Publicado 28/12/2011 10:30 | Editado 04/03/2020 16:30
O início do julgamento pelo STF da ação que questiona a vinculação horária da classificação indicativa dos programas de televisão deixou preocupados os movimentos que defendem a democratização da comunicação. A tese proposta pelo PTB e encampada pelas emissoras de TV contesta o artigo 254 Estatuto da Criança e do Adolescente, e defende que elas não possam ser punidas se optarem por desrespeitar o horário determinado na classificação indicativa. Em outras palavras, que programas com fortes cenas de sexo, violência e drogas, por exemplo, possam ser exibidos a qualquer hora do dia.
Os argumentos centrais apresentados pelas emissoras são dois: o primeiro é que a determinação de faixas horárias protegidas fere a liberdade de expressão e que a classificação deve ser indicativa e não impositiva. O segundo é que a classificação seria uma tentativa do poder público de substituir o pátrio poder.
Os dois argumentos são totalmente contestáveis. Em primeiro lugar, a Constituição Federal é clara em equilibrar o direito fundamental à liberdade de expressão com o direito de crianças e adolescentes a proteção integral.
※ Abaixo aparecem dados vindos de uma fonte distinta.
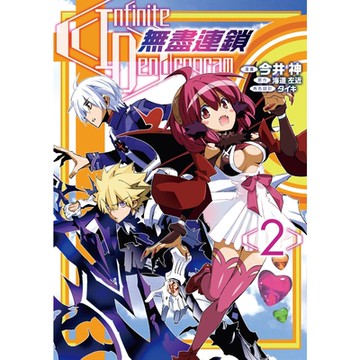 〈Infinite Dendrogram〉-無盡連鎖- (2)_Readmoo 讀墨電子書
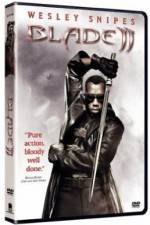 Watch Blade II Vodly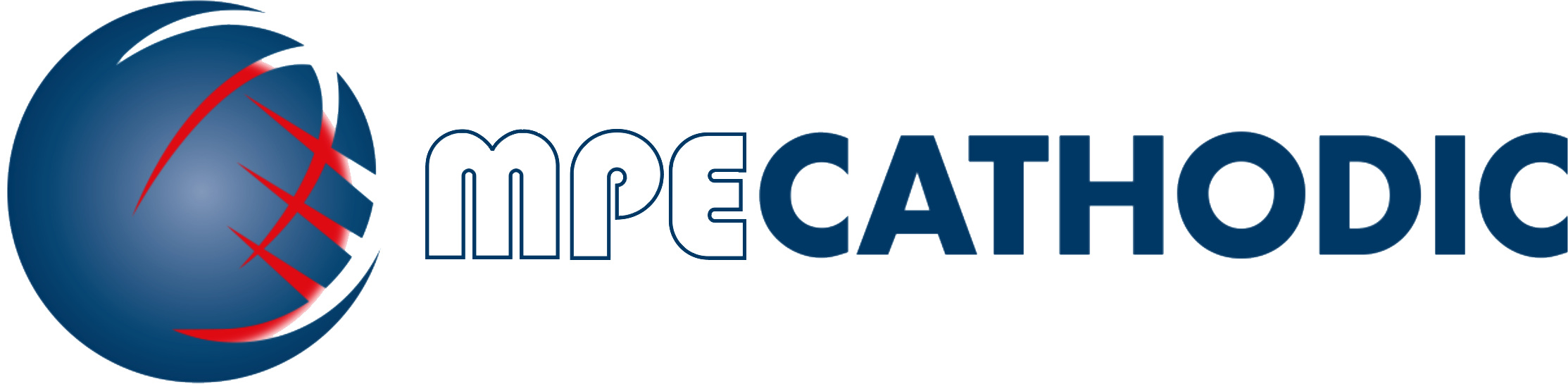 MPE Cathodic AS - logo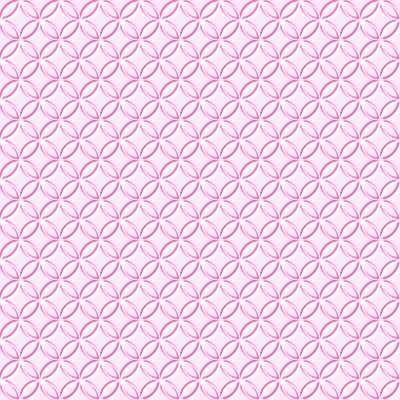 Click to get the codes for this image. Pink Interlocking Circles Indented Background Seamless, Patterns  Circles and Polkadots, Beveled  Indented, Colors  Pink Background, wallpaper or texture for, Blogger, Wordpress, or any web page, blog, desktop or phone.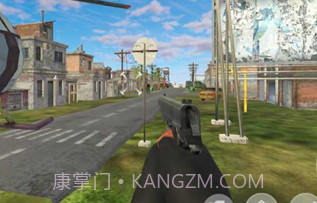 反战部队v1鐎瑰宕渧1.11截图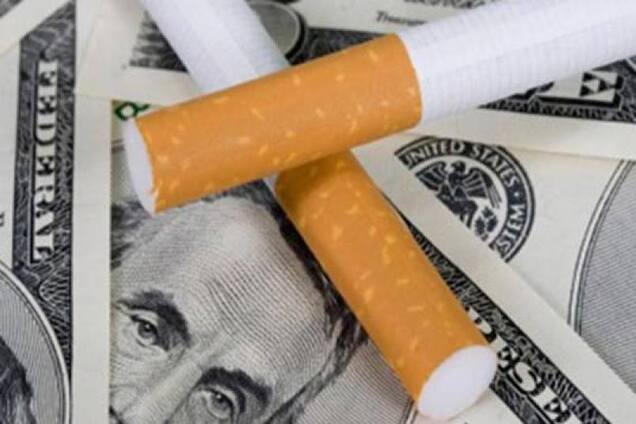 Переплата в 300 мільйонів: нардепи придумали нову хитрість у тютюновій галузі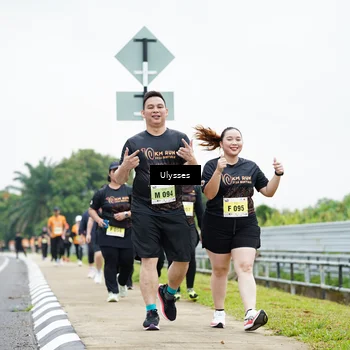 Runner Photo 8513001
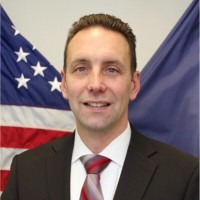 Alaska Native Tribal Health Consortium (ANTHC) Employee Alfred Montoya's profile photo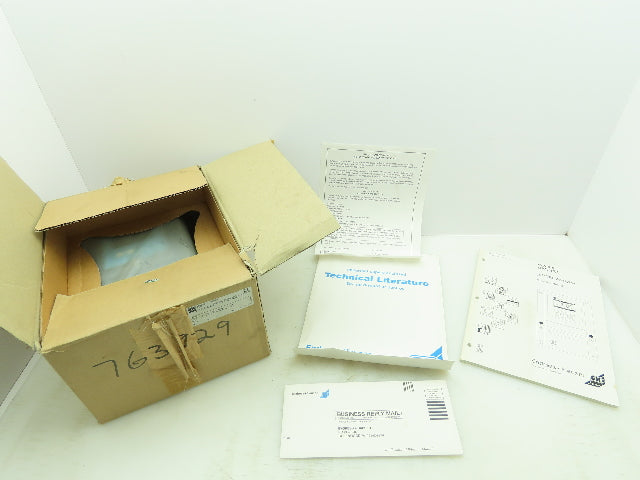 Endress Hauser MYCOM CPM 152 Microprocessor pH/ORP Digital Analyzer Control 24V
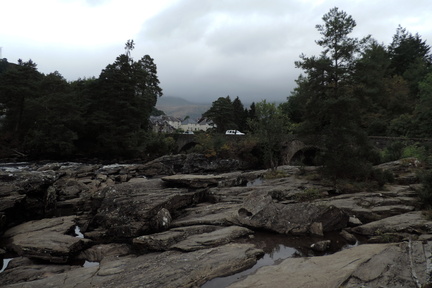 Rocks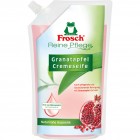 Frosch Creme Soap Pomegranate 500ml refill bag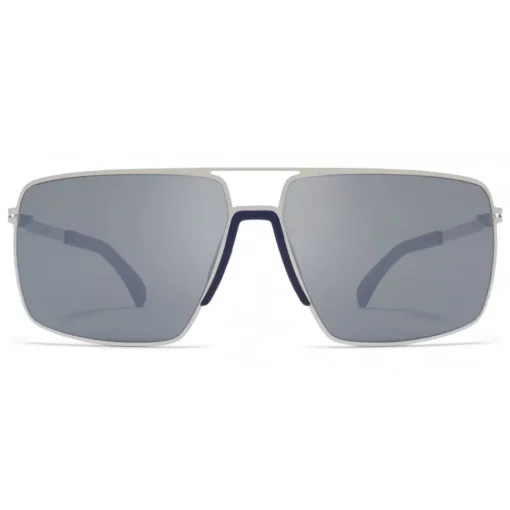 Mykita - Lotus - Square Metal Sunglasses - New Collection - Eyewear - Avvenice^ Sunglasses & Eyewear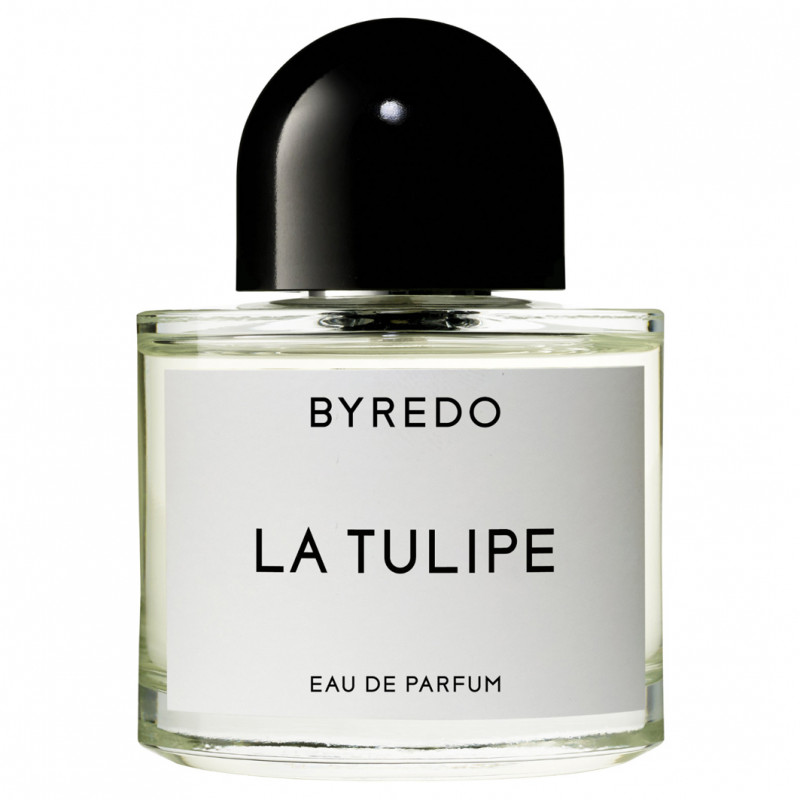 La Tulipe Парфюмерная вода женская 50мл  от Byredo + 1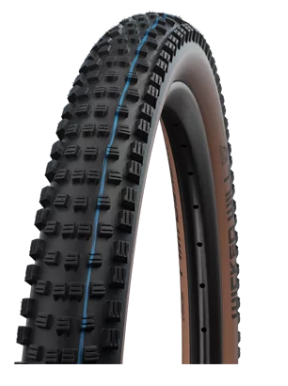 Load image into Gallery viewer, Buitenband Schwalbe 27.5-2.40(62-584) Wicked Will EVO SuperR zw-ts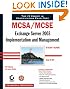 MCSA/MCSE: Exchange...
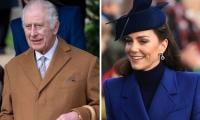 Kate Middleton gets new title after King Charles plan comes to light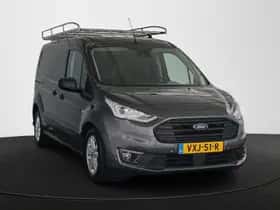 Ford Transit Connect (2023) thumbnail 2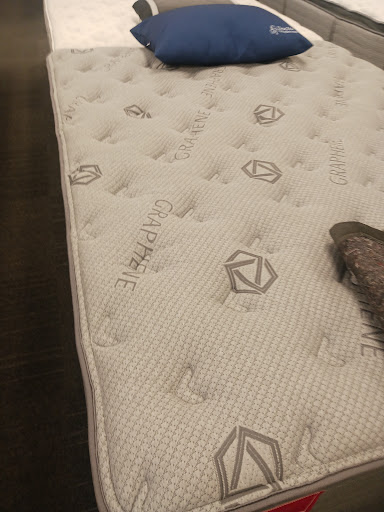 Ortho Mattress image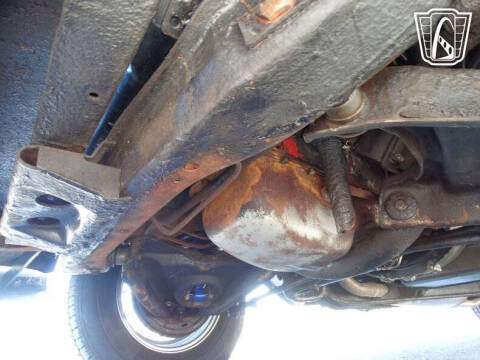 1957 Mercury Monterey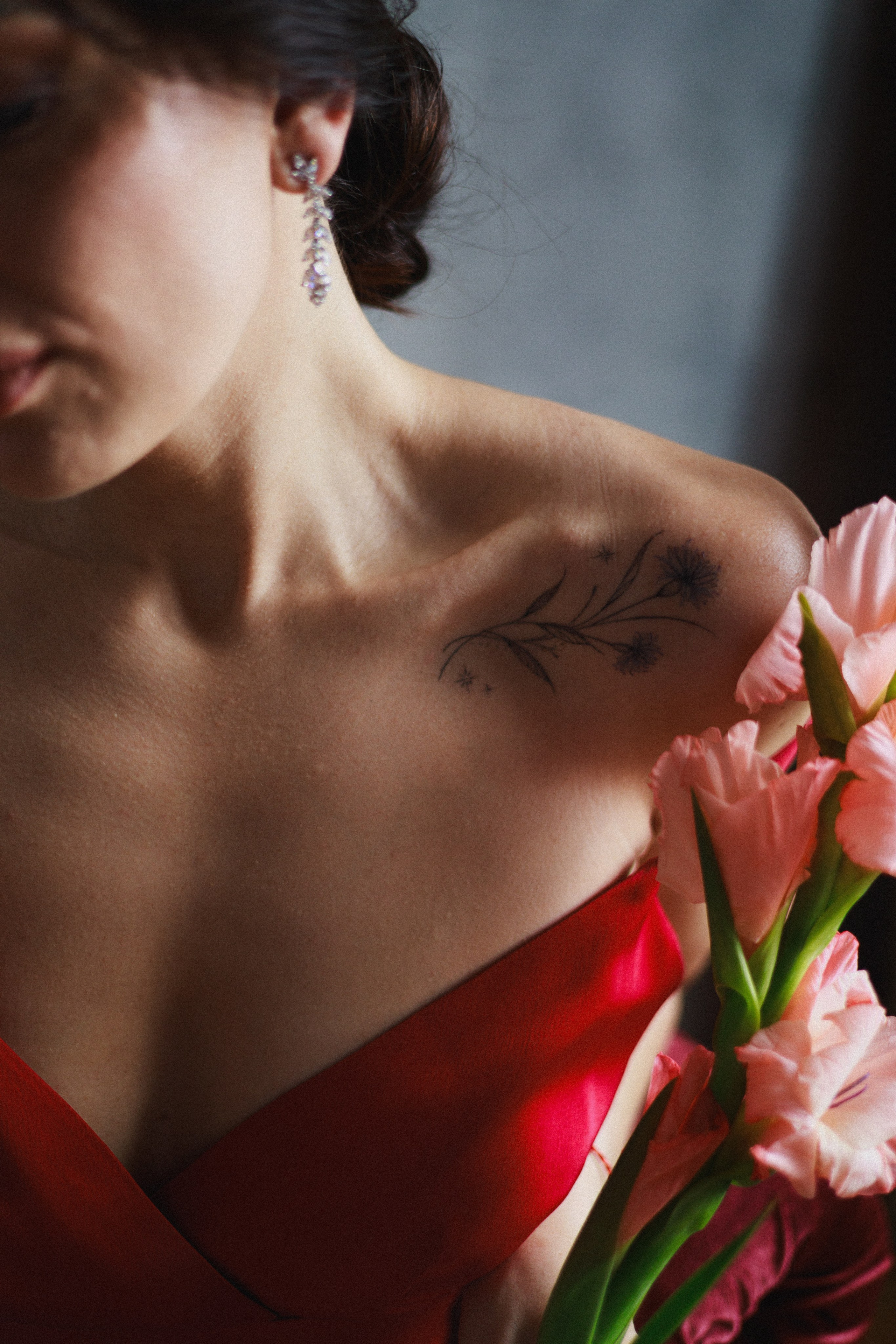 Настя. Семейный видеограф в Москве Элина Ладова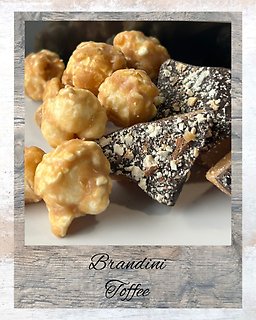 Brandini Toffee
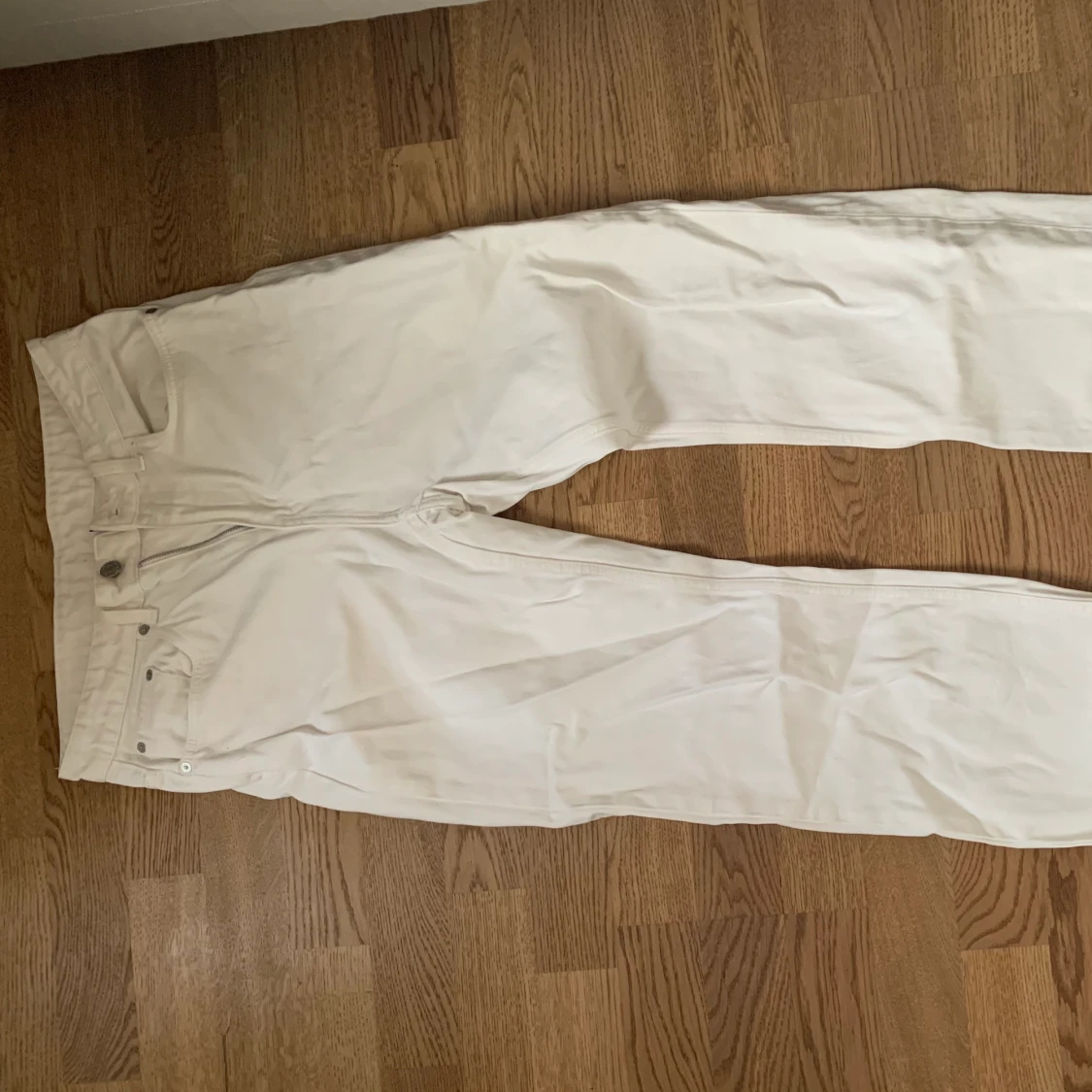 Weekday voyage jeans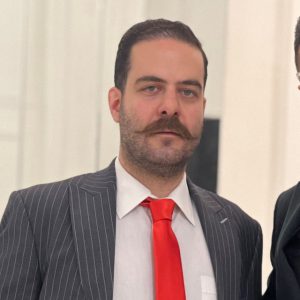 وکیل علی احتشامی - وکیل دعاوی ملکی تهران - وکلای vve
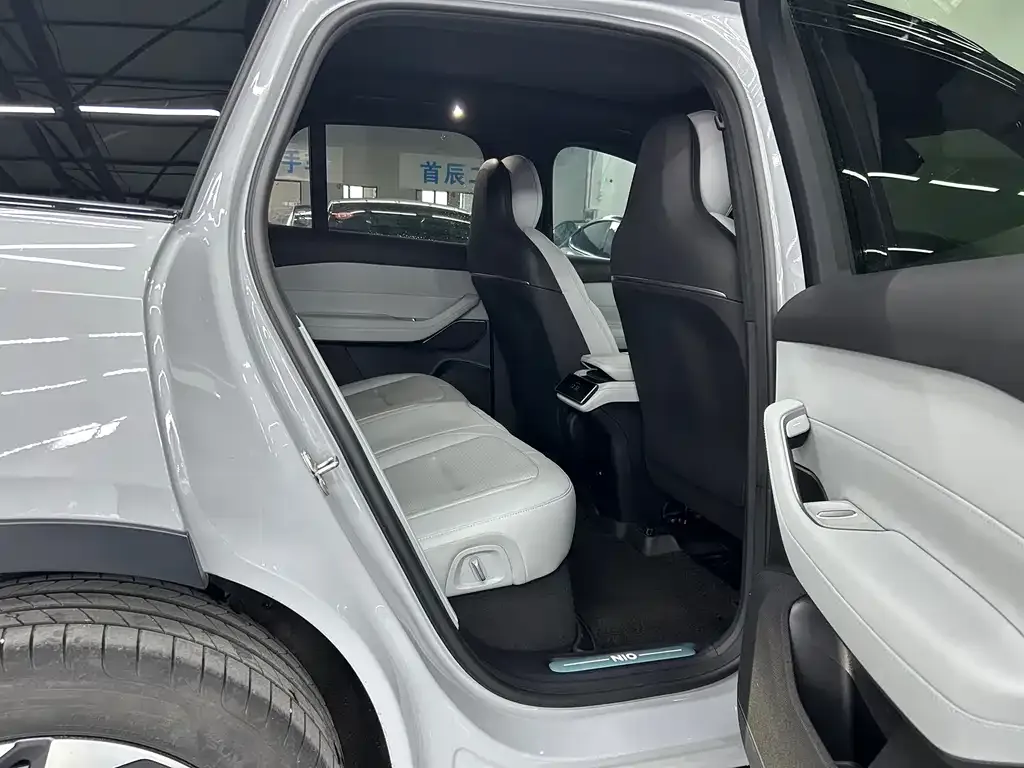NIO ES6 2024 из CN, фото 7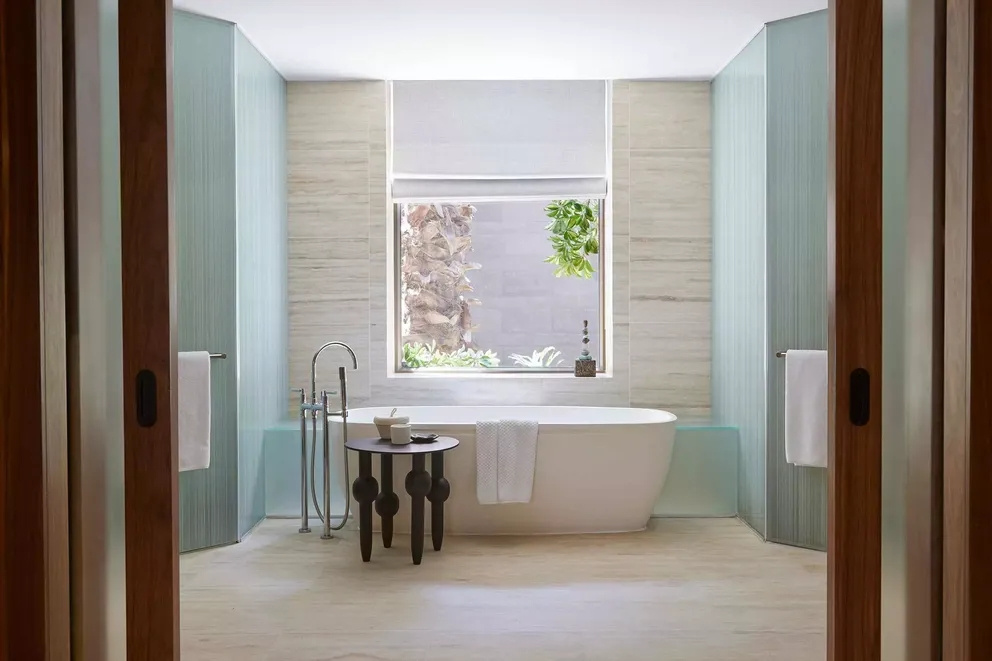 One&Only Cape Town - Chambres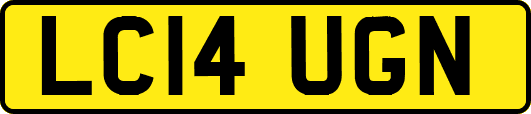 LC14UGN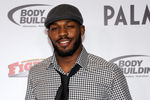 LAS VEGAS, NV - NOVEMBER 30:  Mixed martial artist Jon Jones arrives at the Fighters Only World Mixed Martial Arts Awards 2011 at the Palms Casino Resort November 30, 2011 in Las Vegas, Nevada.  (Photo by Ethan Miller/Getty Images)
O mesmo artigo 220 que garante a liberdade de expressão prevê a classificação indicativa, sendo explícito que o poder público tem o papel de informar a faixa etária e o horário em que a exibição seja inadequada. A classificação, portanto, é indicativa para os pais, mas as emissoras devem obrigatoriamente segui-la.
Ademais, em nenhum país do mundo a liberdade de expressão é tratada de forma absoluta; é sempre um direito equilibrado com outros direitos fundamentais. A visão expressa no voto do relator José Dias Toffoli, no entanto, afirma uma noção fundamentalista de liberdade de expressão, que não encontra respaldo em nenhuma democracia ocidental.
O segundo argumento também não se sustenta. Ao contrário de tentar substituir o poder dos pais, o que a vinculação horária faz é viabilizar que os pais exerçam esse poder. Primeiro porque nem sempre os pais estão em casa ao lado dos filhos. Segundo, porque a televisão é um meio intrusivo, que entra sem pedir licença e sem escolha prévia de programação pelo espectador.
Por essas razões, organizações como a Andi, Conectas, Artigo 19, Inesc, Instituto Alana, Intervozes, Conselho Federal de Psicologia e Fórum Nacional pela Democratização da Comunicação estão se mobilizando para sensibilizar os ministros sobre o retrocesso que seria a aprovação da ação direta de inconstitucionalidade. A liberdade de expressão é um direito fundamental a ser defendido contra medidas autoritárias, mas não pode ser usado como desculpa para proteger interesses estritamente comerciais.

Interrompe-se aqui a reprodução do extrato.